**EXERCISE REQUIREMENTS:**
Without the pictures, give the entries below again exactly as written.

**RECORDS SHOWN:**
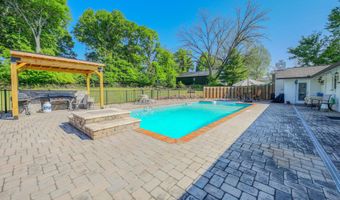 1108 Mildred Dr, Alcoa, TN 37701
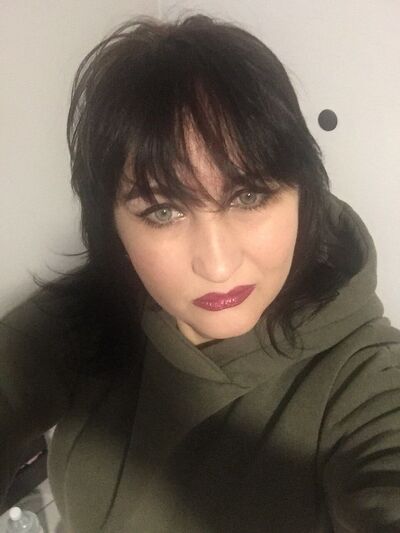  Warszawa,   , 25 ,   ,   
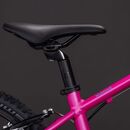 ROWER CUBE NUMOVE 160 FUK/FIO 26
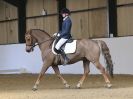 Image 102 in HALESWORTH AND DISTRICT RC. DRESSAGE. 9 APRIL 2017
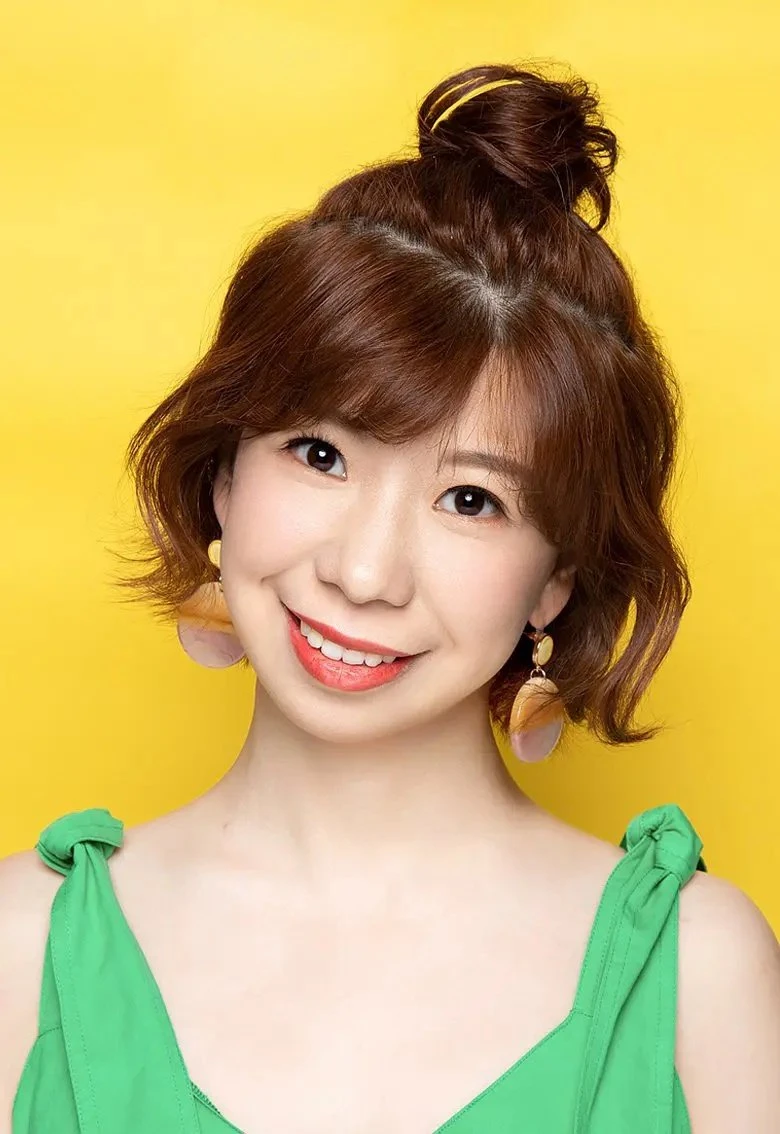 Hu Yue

**SOLUTION TO THIS EXERCISE:**
 1108 Mildred Dr, Alcoa, TN 37701
  Warszawa,   , 25 ,   ,   
 ROWER CUBE NUMOVE 160 FUK/FIO 26
 Image 102 in HALESWORTH AND DISTRICT RC. DRESSAGE. 9 APRIL 2017
 Hu Yue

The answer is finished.